In accordance with the terms described in the Agency’s website’s disclaimer, the Recipient AND the Discloser agree to have their conversations recorded for the purpose of review by the Agency, to ensure best practices are observed. Hereunto, the Recipient and/or the Agency will:
VI.a. Delete these provisional copies and records of communication (which may be construed and treated as Confidential Information) between the Recipient and Discloser, without further action or request required from the Discloser, once the aforementioned review process is complete; unless prohibited by operation of law.

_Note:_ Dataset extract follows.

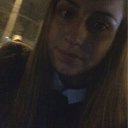 Диана Никитина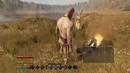 Life is Feudal – Первый Взгляд (ЭПИЧНО!)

VI.b. Retain certain information – such as a contact details, and associated given name – which may be used by the Agency and Recipient to identify the Discloser as a valid (and returning) client, and thus ensure the Agency’s ambitions to provide the most efficient and secure service.
VI.c. Delete ALL Confidential Information which may exist in any form, if such is requested by the Discloser, at any point.
VI.c.i) The Recipient will comply with the Discloser’s request for deletion at the earliest opportunity, unless the Discloser has meetings pending or in session; or if deletion would hamper legal investigation, or otherwise pervert the course of justice.
VI.c.ii) Where the Discloser explicitly requests the deletion of ALL information, including name(s) and contact information, neither the Recipient, nor the Agency will be at fault, nor liable for any possible difficulties or impediments the same Discloser may encounter with regards to commissioning the Agency’s services again beyond this point.

The undertakings in Clause (II) will continue in force indefinitely from the date of this Agreement.

VIII.a. This Agreement is governed by, and is to be construed in accordance with, English law. The English Courts will have non-exclusive jurisdiction to deal with any dispute which has arisen or may arise out of, or in connection with, this Agreement.
VIII.b. If any provision of this Agreement is deemed invalid, unlawful or unenforceable, the remaining portions of the Agreement will persist in full force, as construed, to most adequately effectuate the original intent of this Agreement.